Oh well, I will forge ahead with LED and see what comes of it







Thanks for the pic, nice steering wheel btw http://****************.com/smile/emthup.gif


----------



## Mk1noHID (Dec 16, 2001)

*Re: Digifiz digital wannabe dash in 2001 Cabrio, suggestions? (fletchfx)*

OMFG! Now that´s a cool project








Componentlist please http://****************.com/smile/emthup.gif


----------



## Stealthpro411 (Jul 31, 2004)

*Re: Digifiz digital wannabe dash in 2001 Cabrio, suggestions? (Mk1noHID)*

if i mail you the software will you make a working schematic of your guages and directions on how to build it? i have Circuit Maker 2000 software let me know! this is pretty cool but ide like to cutomize it for one on my own projects. http://****************.com/smile/emthup.gif


----------



## fletchfx (Nov 18, 2004)

*Re: Digifiz digital wannabe dash in 2001 Cabrio, suggestions? (Stealthpro411)*

The entire dash is controlled by risc based microprocessors which need to be programmed before it can work, the displays are connected from the microprocessor through a BCD chip. I did not create the original code for the microprocessors or the original schematics and unfortunately can not release this code and schematics to the general public due to the fact that it is copyrighted. The original gauges are over a year and a half of development from code to prototype. I have been helping my friend put some finishing touches on his for his Ford ZX2, but definently have no right to start giving away his year and a half of hard work. Sorry man.


----------



## Stealthpro411 (Jul 31, 2004)

*Re: Digifiz digital wannabe dash in 2001 Cabrio, suggestions? (fletchfx)*

hey i understand well can you see how much he would charge for a setup like that?!


----------



## Mk1noHID (Dec 16, 2001)

*Re: Digifiz digital wannabe dash in 2001 Cabrio, suggestions? (Stealthpro411)*

Maybe you could tell what "language" the code is written in? C?


----------



## fletchfx (Nov 18, 2004)

*Re: Digifiz digital wannabe dash in 2001 Cabrio, suggestions? (Mk1noHID)*

Its written in everyones favorite language, assembler, hours of fun for the entire family. The processors are made by Microchip, PIC16 family of chips. I just started playing with these about 4 months ago myself. If you are in to electronics at all, they can be very addictive. 
I talked to him about selling a setup, he may consider it once all of the bugs are worked out. He is very leary about selling a hand built unit which in his case is wire wrapped. I actually solder mine, but its still hand built.
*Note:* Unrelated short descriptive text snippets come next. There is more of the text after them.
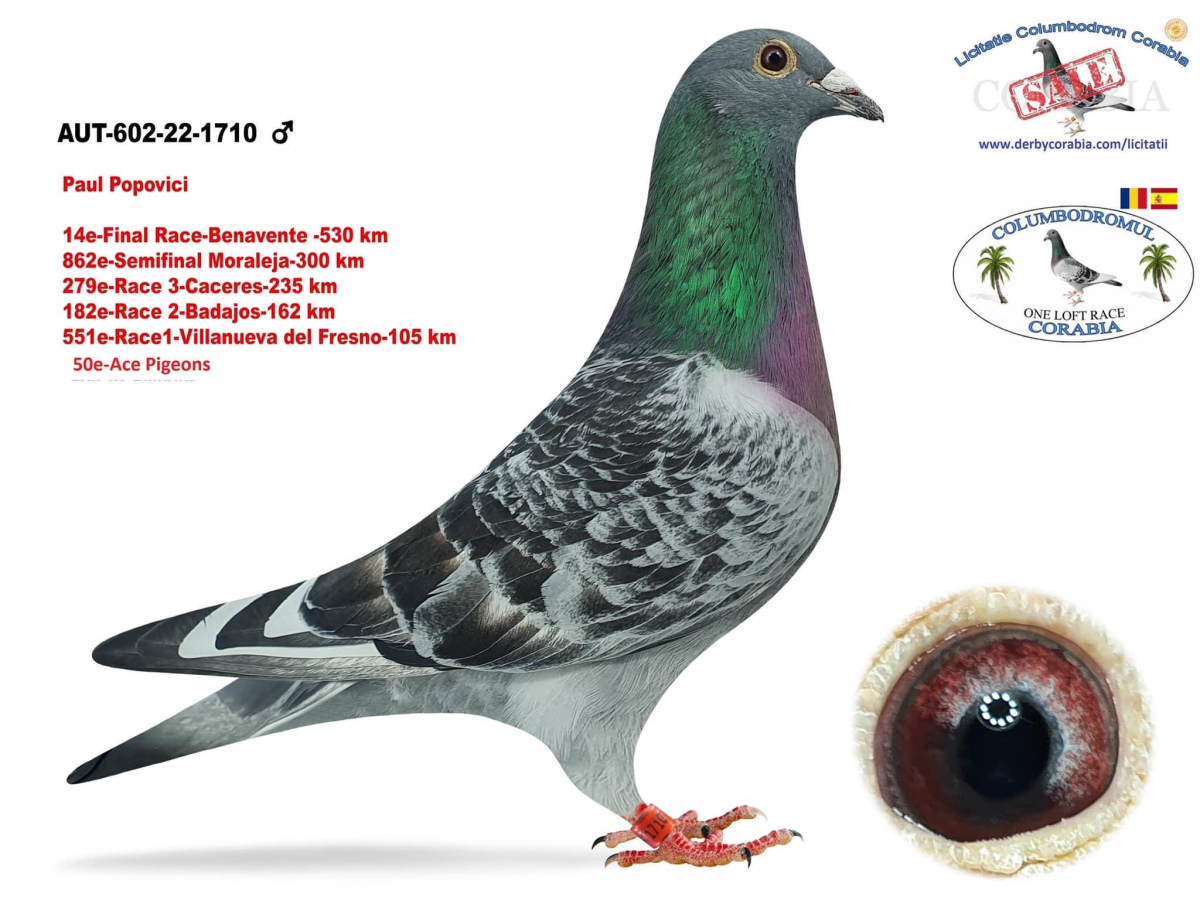 6. Extra Race 605km VALE DE FREIXO - PORTUGAL,
8. Ace Fond 515km + 605km,
47. Ace Pigeon 7 races,
199. Final Race 515km GALISTEO, PLASENCIA
Derby Superstar Winter Edition Season 2025 - 2026 

PAUL POPOVICI
 AUS 602 25 997 
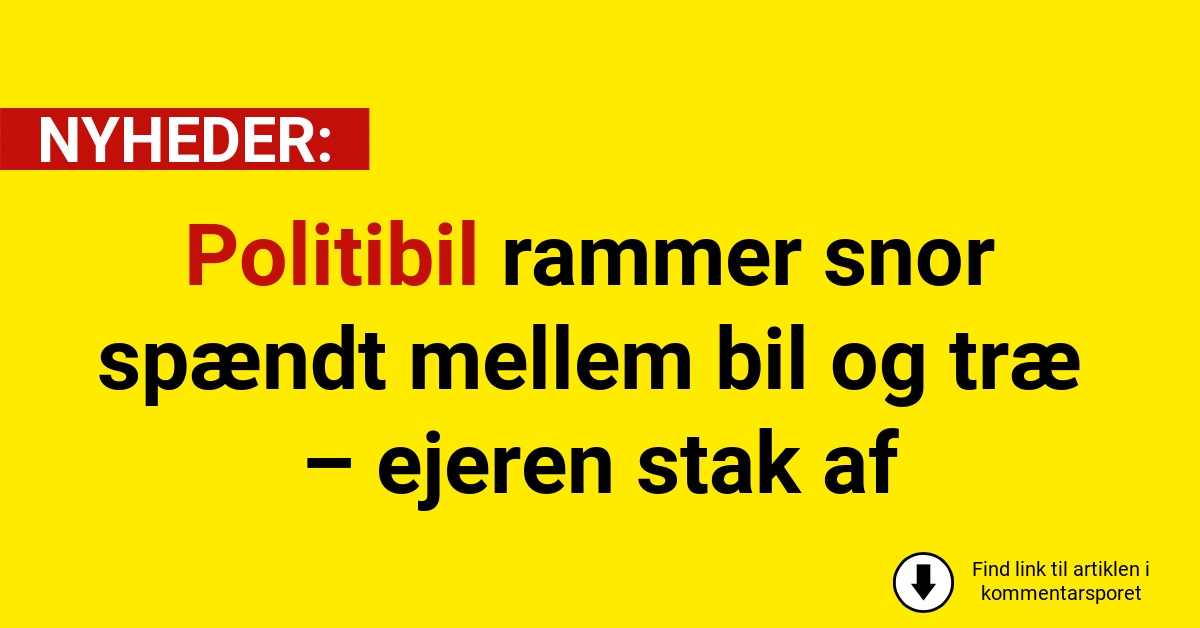 Politibil rammer snor spændt mellem bil og træ – ejeren stak af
He has considered getting a couple circuit boards made up, and also discussed a modular type design so a custom setup could be made pretty easily. Its still in the works.
From what I am finding out from my car so far, VWs do not like to have their dash removed. My friend replaced his entire dash with the digital, but the VWs are going to require that the main board stay in the car and feed the digital from that. If you look at the image above of my Cabrio dash removed, you can see its juse on big board. This board has its own processor. The airbag system relies on this processor as well as the mototronic. 50% of the idiot lights are also controlled by the processor. I am going to remove the tach, speedo, temp and fuel gauges and build on top of the board keeping it in place. Some of the older cars, I am not to sure about. Probably need at least some kind of speed sensor for starters.


----------



## Mk1noHID (Dec 16, 2001)

*Re: Digifiz digital wannabe dash in 2001 Cabrio, suggestions? (fletchfx)*


_Quote, originally posted by *fletchfx* »_Its written in everyones favorite language, assembler, hours of fun for the entire family.









Thanks.


----------



## VolksDude (Jun 9, 1999)

*Re: Digifiz digital wannabe dash in 2001 Cabrio, suggestions? (Mk1noHID)*

Wow!!!
Nice project!!
Keep us posted !!


----------



## morimori (Jul 19, 2003)

Really nice! Very good work!! http://****************.com/smile/emthup.gif







http://****************.com/smile/emthup.gif


----------



## Stewz-GTI (Feb 16, 1999)

I like your effort!
IMP customize MKIV gauges using LEDs. They integrate right into the dash. Maybe you can get some ideas here:








or here (similar to yours)








or Dakoda Digital


----------



## fletchfx (Nov 18, 2004)

*Re: (Stewz-GTI)*

haha, I was actually thinking about the integrated type dash today, thats pretty cool!! There is definently plenty of space behind the gauges since the steppers are rather small. Plus keeping the original odometer means no complaints from the dealership when it gets inspected!! Good idea and thanks for the pics!! http://****************.com/smile/emthup.gif 
I like Dakota Digital, but I don't like their prices, plus they only offer for american cars, I think they are shooting themselves in the foot for not offering anything foreign either then I think an old gauge pod for the original bug. Dare I say, they could sell something made for cough cough







Hondas and make a killing. 
The Fiero one is from http://www.markscustomkits.com, if you are into kicking old school with the Knight Rider design, that guy has some cool stuff, but his prices are way high. I can't imagine riding around in my cabrio with this:















HAHAHAHA
Thanks for the pics and another idea, I may have to invest in another doner dash and try the behind the gauge setup.










_Modified by fletchfx at 10:06 PM 12-10-2004_


----------